Conservative think tanks like the Cato Institute have argued in the past that the top earners pay a disproportionate share of income tax.

  Source: Cato Institute


The crypto industry may find it especially easy to relocate in the headwinds of new taxes, according to Castle Island Ventures partner Nic Carter. He said that capital is now “more mobile than ever” and that “distributed or globalized startups are completely ordinary now, even at scale.”

What do the rich actually do after a new tax?

In 2024, the Tax Justice Network, a British advocacy group, published a working paper on the topic. It found that after wealth tax reforms were introduced in Norway, Sweden and Denmark, less than 0.01% of the richest households relocated.

The UK saw the second-highest net outflow of millionaires in 2024, with over 9,000 leaving the country. But the Tax Justice Network’s communications head, Mark Bou Mansour, noted that this was less than 1% of the some 3 million millionaires supposedly living in the country at the time.

“There is no millionaire exodus. If you look at their published migration numbers going back to 2013, millionaire migration rates have consistently stood at less than 1% every year since then, both globally and nationally. So, what their data actually shows, taken at face value, is that millionaires are highly immobile,” he said.

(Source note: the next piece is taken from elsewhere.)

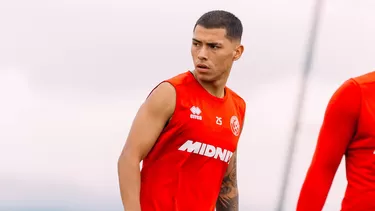 Jefferson Cáceres viene realizando trabajos de pretemporada en España, preparándose para la Championship. | Sheffield United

Another 2024 paper from the London School of Economics found that the ultra-wealthy were fairly attached to place and could not find respondents in the 1% tax bracket who would leave the UK.

Such examples presume that the wealthy were moving to another country, but even in the case of California, where the crypto-rich would risk only moving to another state, the data still doesn’t support the risk of a wealth exodus.

Inequality.org, an advocacy organization concerned with wealth distribution in the US, said that “while some tax migration is inevitable, the wealthy that move to avoid taxes represent a tiny percentage of their own social class.”

Citing data from the Institute for Policy Studies and the State Revenue Alliance, Inequality.org stated that top earners tend not to move because of family, social networks and local business knowledge.

Despite tax hikes in Washington state and Massachusetts, the number of individuals with a net worth of at least seven figures continued to expand. Furthermore, each state was able to raise considerable revenue to fund state programs.

Source: Inequality.org


Funding state programs seems to be the least of some of the California ultra-wealthy’s concerns. Powell said that current taxes were being thrown away over wasteful spending and fraud.

David Sacks, the White House’s crypto and AI czar and a crypto billionaire in his own right, weighed in, stating, “Why does California need a wealth tax? To fund the massive fraud. Red states like Texas and Florida don’t even have income taxes. Democrats steal everything, then blame job creators for their ‘greed.’”

Allegations of fraud in states with Democratic governors, like California and Minnesota, have lately preceded the Trump administration sending in federal policing agencies like the Federal Bureau of Investigation and Immigration and Customs Enforcement. In the case of Minnesota, local authorities have denied the unverified allegations.

The California tax proposal still hasn’t made it onto the ballot, let alone passed a vote and approval by the governor. California may lose some of its crypto-rich, but the benefits in revenue may be worth it.